Q. Ici, dans ce livre, il y a deux îles.

R. Oui, oui. Tu as raison. Peut-être est-ce le symbole d’un monde limité. D’une part, confortable. Et de l’autre… comme s’il avait peur de ce qui est dehors.

Q. Tout le livre semble tourmenté par la solitude. La solitude va avec tous les personnages.

R. Oui, oui. Ce sont des personnes seules qui ont pourtant besoin des autres. Et ils savent qu’ils ont besoin des autres car ils sont très conscients de la solitude. Mais maintenant tous, réunis dans ces pages, sont réunis.

Q. La solitude fait aussi partie du moment présent.

R. Oui, oui, tout à fait. Nous sommes très seuls. Avant il y avait ceux qui se réfugiaient dans la religion, par exemple. Mais maintenant, il semble que ce ne soit plus le cas.

Q. A quoi l’attribuez-vous ?

R. Parce que les êtres humains ont de grands problèmes de relation les uns avec les autres et de vivre ensemble. La technologie a beaucoup évolué et nous a conduits à la solitude. Avec la technologie, nous pouvons tout avoir sans quitter la maison. Et donc nous nous sommes isolés.

Q. Dans votre livre sur Don Quichotte [Alma, nostalgia, armonía y otros relatos sobre las palabras, en colaboración con Elena Cianca] Il a remarqué une phrase qui semble décrire l’actualité : « Nous nous battons tous et nous ne nous comprenons pas tous.

R. Oui, oui. C’est vrai. Don Quichotte est dans l’auberge et voit le chahut et dit : « Nous nous battons tous et nous ne nous comprenons pas tous. » Il le dit avec une vraie perplexité. La bonne chose est qu’ils l’écoutent et arrêtent de se battre. C’est une phrase qui m’impressionne par sa précision.

Q. Dans ce sens, qu’est-ce qui vous inquiète le plus dans ce qui se passe actuellement ?

R. La technologie qui nous isole, je le répète. Parce que cela nous conduit à être une société fatale. Il faut retrouver l’humanisme et ne pas se laisser emporter par les échecs de l’histoire, qui sont énormes. Nous savons déjà ce qu’était le nazisme, ce qu’a fait l’Union soviétique… eh bien : ne le répétons pas.

« Il faut retrouver l’humanisme et ne pas se laisser emporter par les échecs de l’histoire, qui sont énormes »

Q. Comment Don Quichotte décrirait-il le monde d’aujourd’hui ?

R. Pareil.

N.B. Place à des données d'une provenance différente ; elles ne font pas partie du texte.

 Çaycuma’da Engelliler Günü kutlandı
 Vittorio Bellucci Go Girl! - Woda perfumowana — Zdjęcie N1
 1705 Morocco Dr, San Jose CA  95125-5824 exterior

Parce que Don Quichotte tient encore aujourd’hui. Il se lit de la même manière aujourd’hui qu’à l’époque où il a été écrit et dans beaucoup d’autres.

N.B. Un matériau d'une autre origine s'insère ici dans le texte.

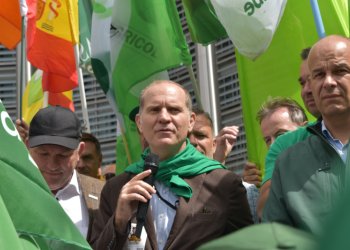 Europa, Giansanti: von der Leyen sta smantellando l’UE. Siamo di fronte a una dichiarazione di guerra all’agricoltura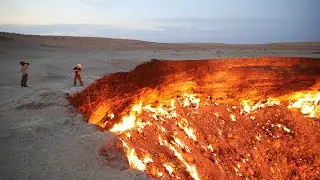 15 Most Strangest Places on Earth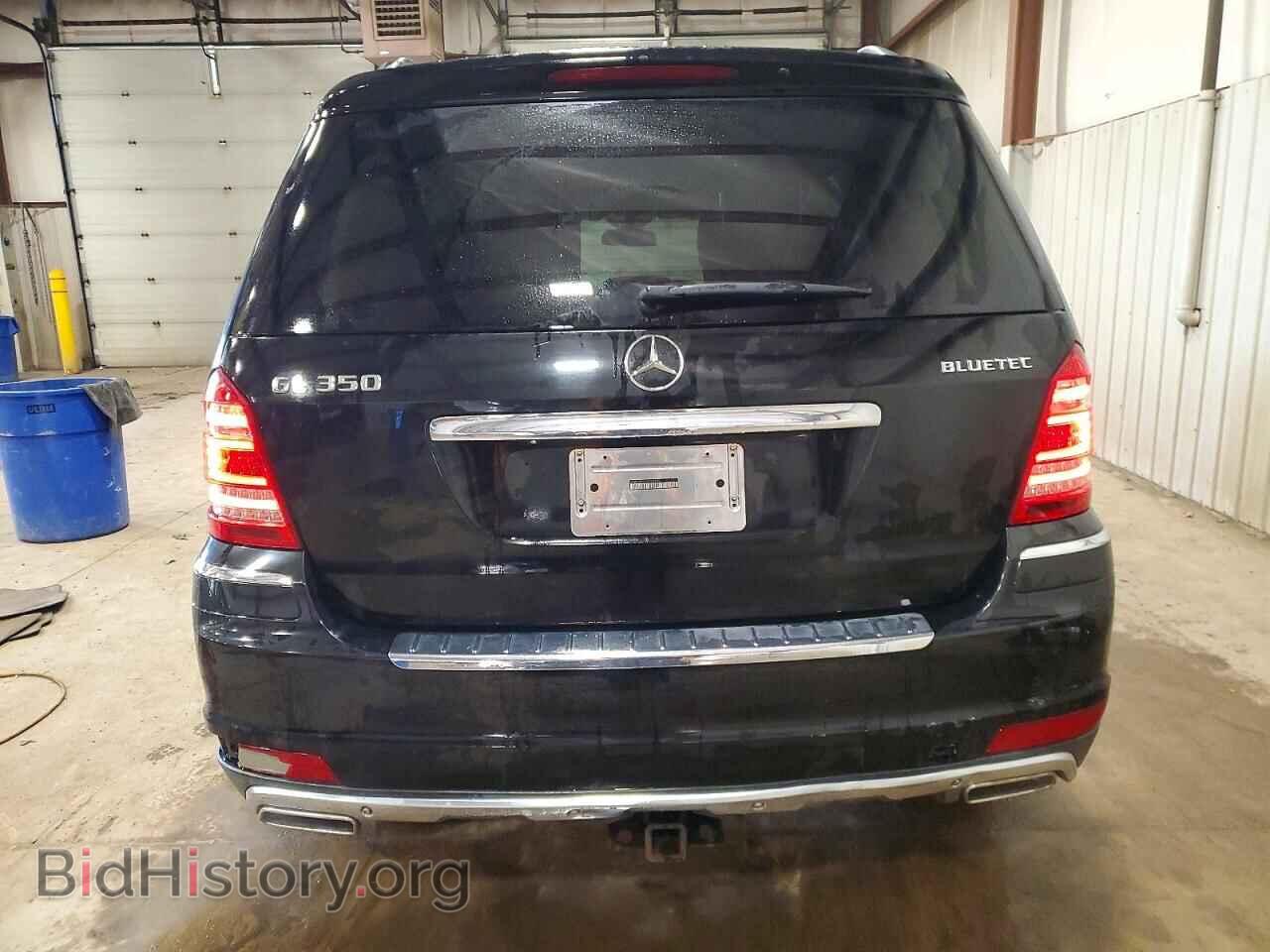 2012 MERCEDES-BENZ GL-CLASS - VIN: 4JGBF2FE2CA794290 - Фото 6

Q. Dans ce livre de contes, il y a aussi de la nostalgie et de la mélancolie.

R. Oui, c’est un livre qui est né il y a dix ans. J’ai fait la dernière révision pendant le confinement et je pense que c’est là que je lui ai donné ce point mélancolique. Peut-être je ne sais pas. La nostalgie et la mélancolie, qui, au début, peuvent être négatives ou représenter un obstacle dans la vie, sont aussi très réconfortantes lorsqu’elles se retrouvent chez une autre personne. Quand on découvre que d’autres sont aussi tristes, on tombe sur un miroir et ça t’accompagne.

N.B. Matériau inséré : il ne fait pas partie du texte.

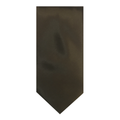 Brioni Solid Silk Tie
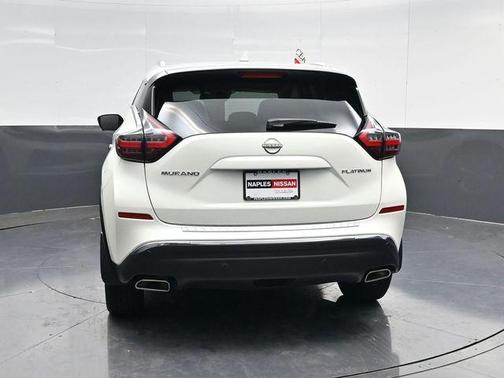 2023 Nissan Murano Platinum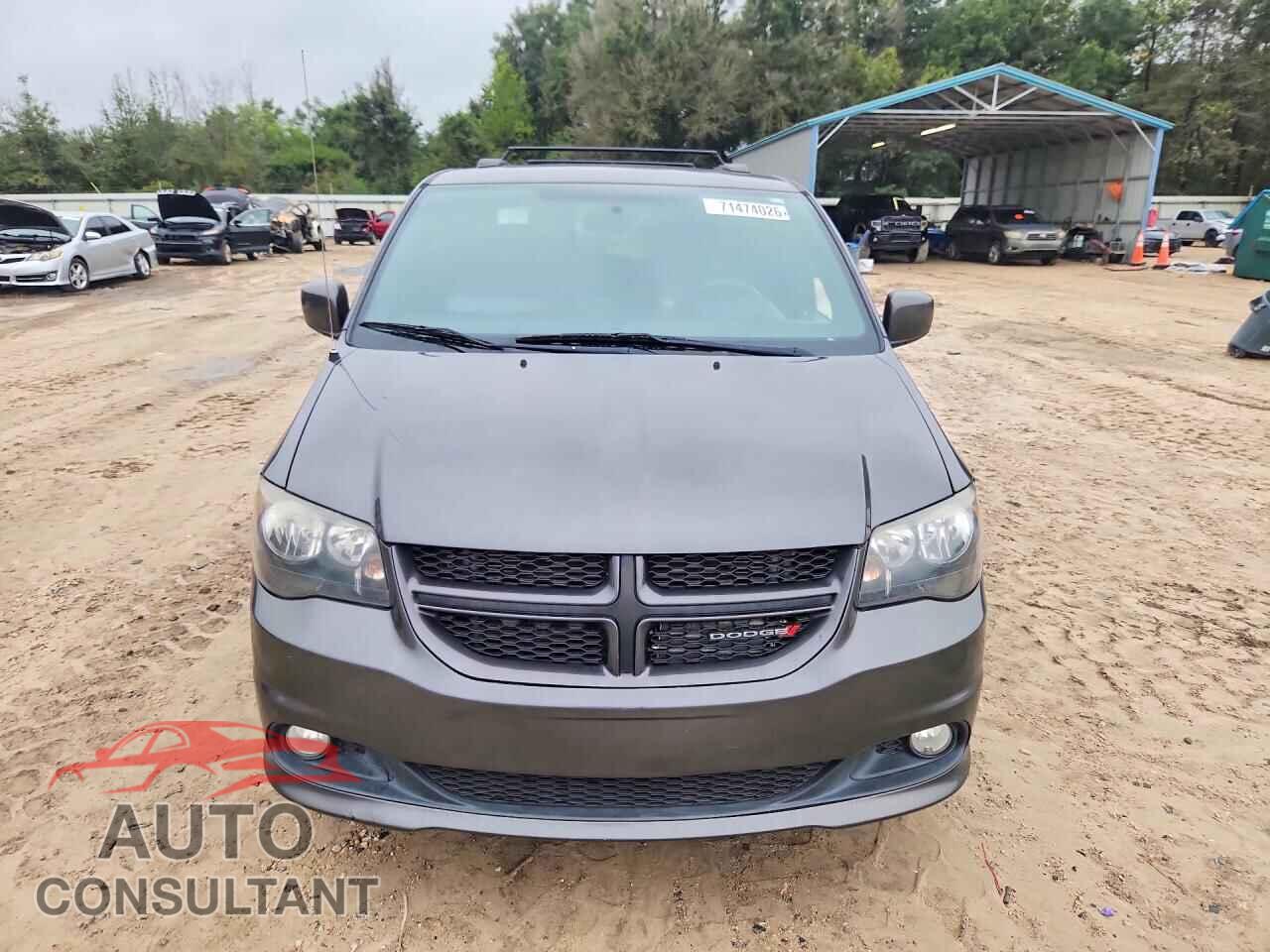 DODGE CARAVAN 2017 - 2C4RDGEGXHR731837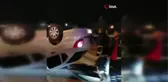 Mardin'de iki otomobilin çarpıştığı kazada 2 kişi yaralandı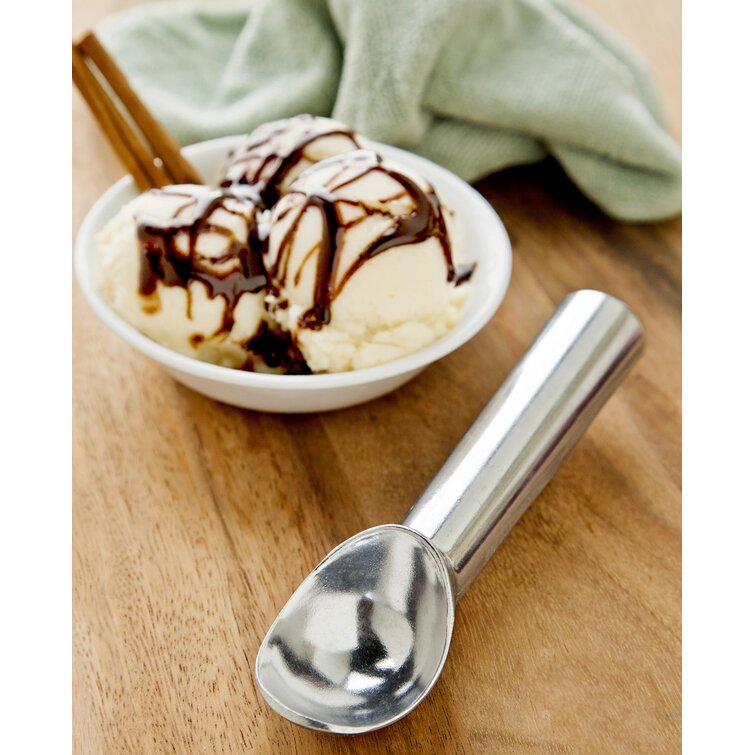 Pampered Chef Ice Cream Scoop Liquid Filled Handle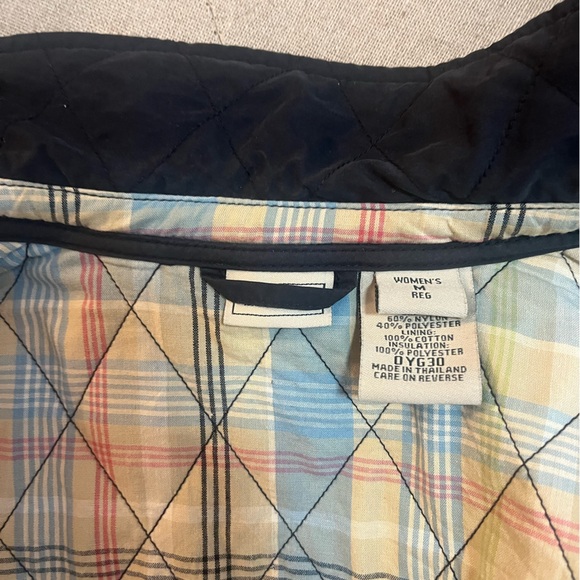 Vintage LL Bean Quilted Jacket - Picture 5 of 5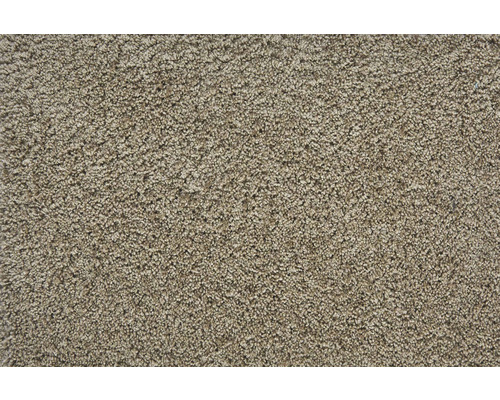 Moquette bouclée velours frisé Banwell beige FB72 largeur 400 cm (au mètre)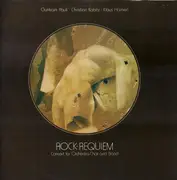 Double LP - Guntram Pauli , Christian Kabitz , Klaus Haimerl - Rock-Requiem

Q. Y a-t-il un livre que vous aimeriez lire ou écrire qui n’a pas encore été écrit ?

R. Bien sûr. Ce que je fais maintenant. Mais… comme c’est ce que je fais maintenant, eh bien je ne veux pas lui dire grand-chose. Voyons voir : j’ai récupéré ce livre d’un manuscrit commencé il y a trente ans. Il s’agissait de la façon dont la vie est ressentie dans une ville et il y a un crime et un héritage, mais je pensais que l’histoire n’avait pas d’avenir et qu’elle était enregistrée dans un ordinateur. Cet été, voyant ce qu’il y avait sur cet ordinateur, je l’ai retrouvé, imprimé, lu et dit : c’est le roman que je dois écrire maintenant ! Je pense qu’il y a 30 ans je n’osais pas. Je n’osais tout simplement pas, mais maintenant je le fais. C’est un livre qui va s’intituler Héritages.

Q. C’est comme si vous aviez maintenant hérité de ce livre.

R. Bien sûr ! Pour cette raison, entre autres, il va s’appeler ainsi.